Let’s integrate slash do probability the 20th century way! Part 1.

Pre(r)amble

After have-a-dozen blog posts that went nowhere, which is something considering the drivel I have posted, I have something!

In a month and a half, I take my prelim exam in financial mathematics. For the more finance leaning part I’ve been reviewing Shreve’s Stochastic Calculus for Finance series. For the heavier math part I’ve been reviewing Øksendal’s Stochastic Differential Equations. Part of that prep has been doing as many exercises I can.

I’m going to present one of those exercises along with some requisite background. The requisites will be presented in a fairly glossy manner if only because you can (and people do) devote an entire class(es) to this subject.
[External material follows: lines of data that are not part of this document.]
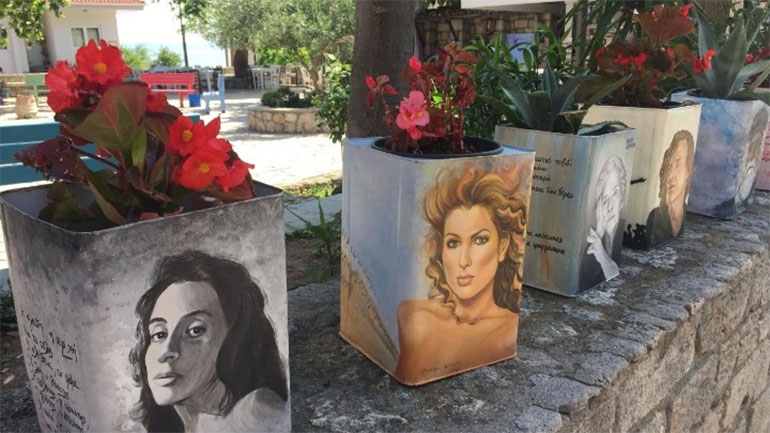 Άφυτος: Πορτρέτα καλλιτεχνών σε γλάστρες από τενεκέδες τυριού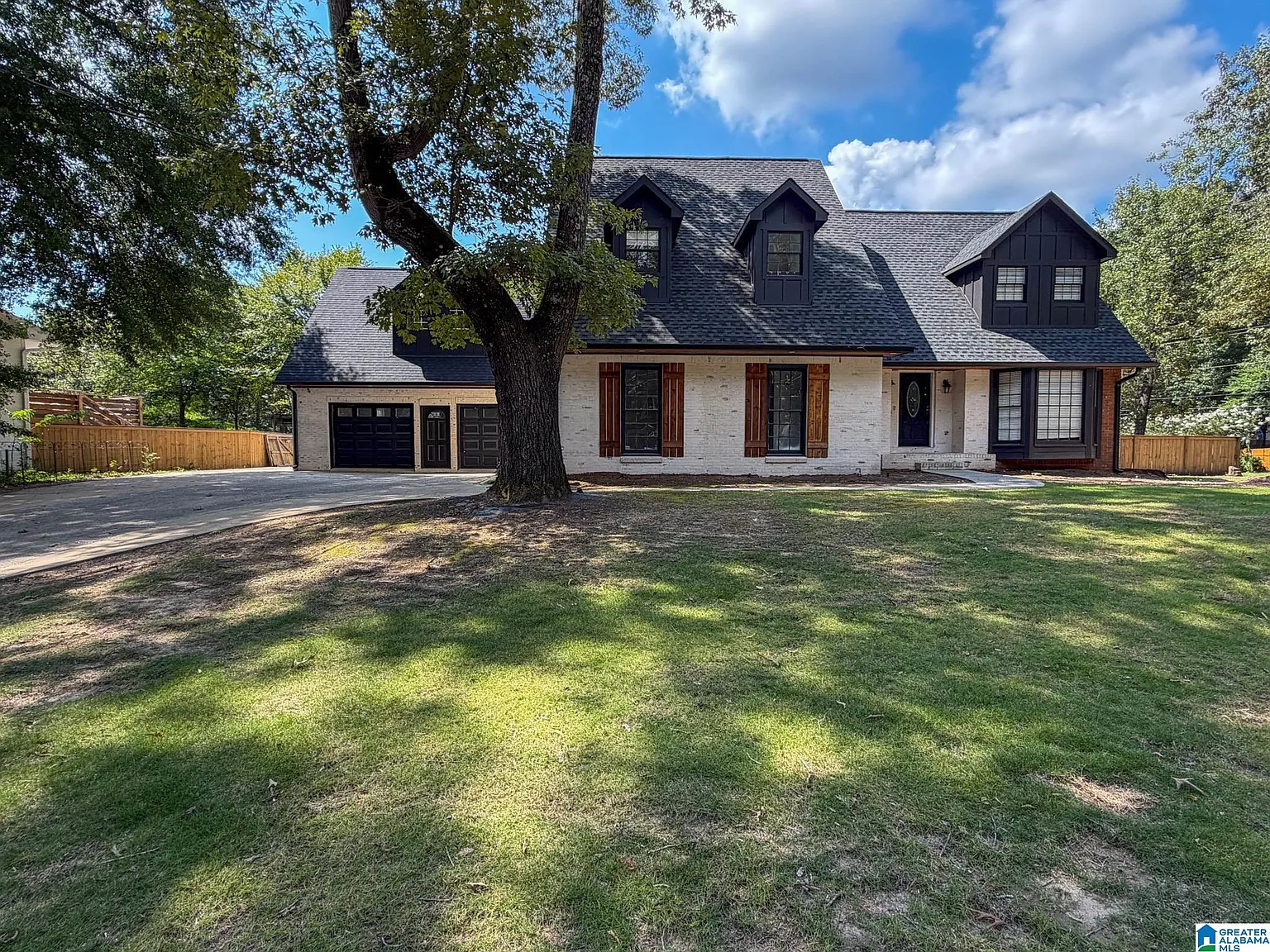 3 bed, 2.5 bath, $3,000 — Photo 2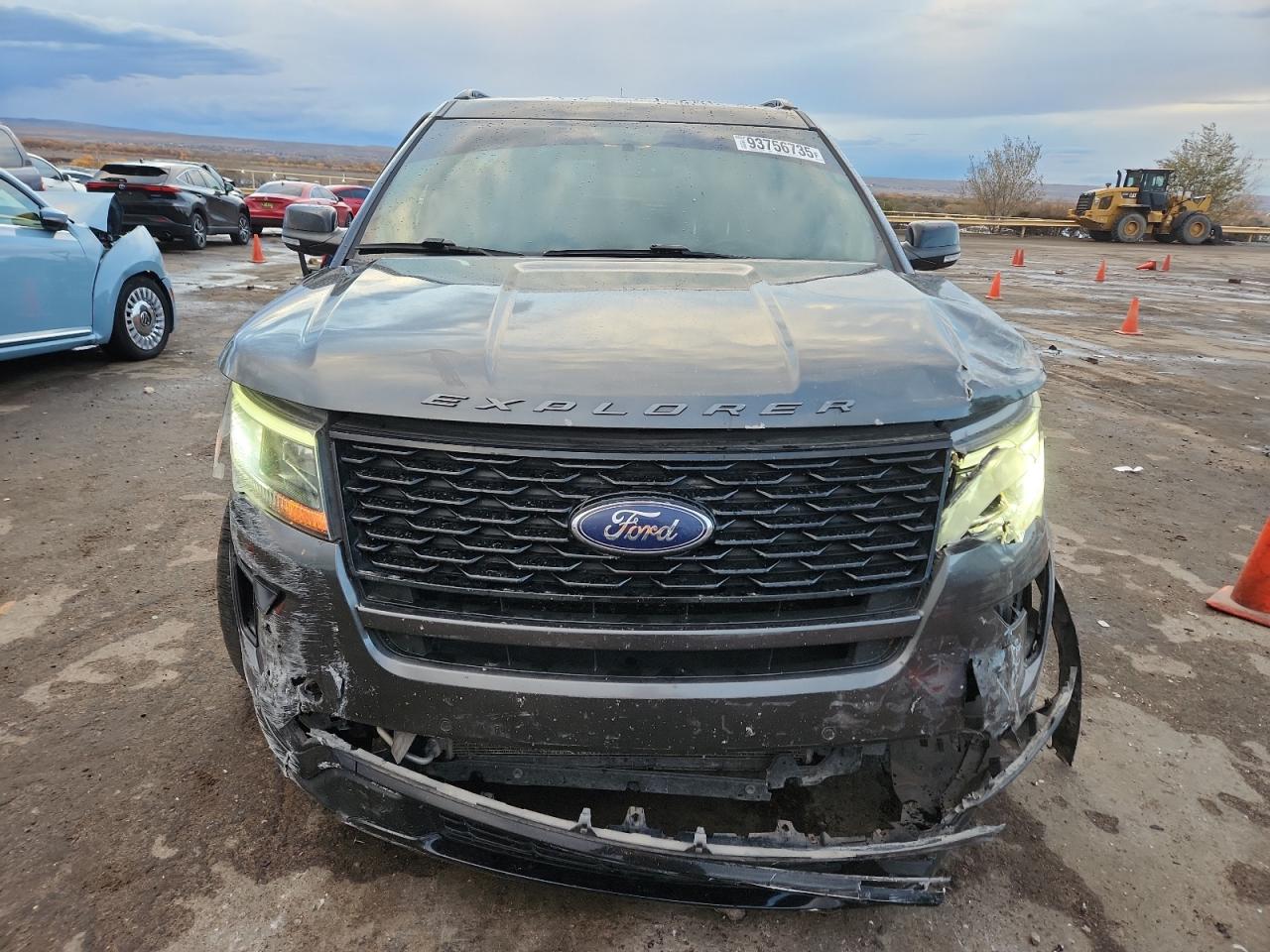 Ford Explorer Sport Image 5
Warning. Math involved. I’m trying to write as simply as possible without breaking down every single definition, so some mathematical maturity is required. But if something is still unclear, then in all likelihood I’ve done goofed and you should correct me (grammar and spelling too please!).

Probability

Probability is strange. Or really, the discourse and history of probability is strange. To see how strange, just look at one of the few paradoxes attributed to a Bertrand who was not Russell. Please, read it. It’s disturbing. The same problem (what percentage of darts will land in a small circle in the middle), solved three different ways, producing three different results. That’s unsettling.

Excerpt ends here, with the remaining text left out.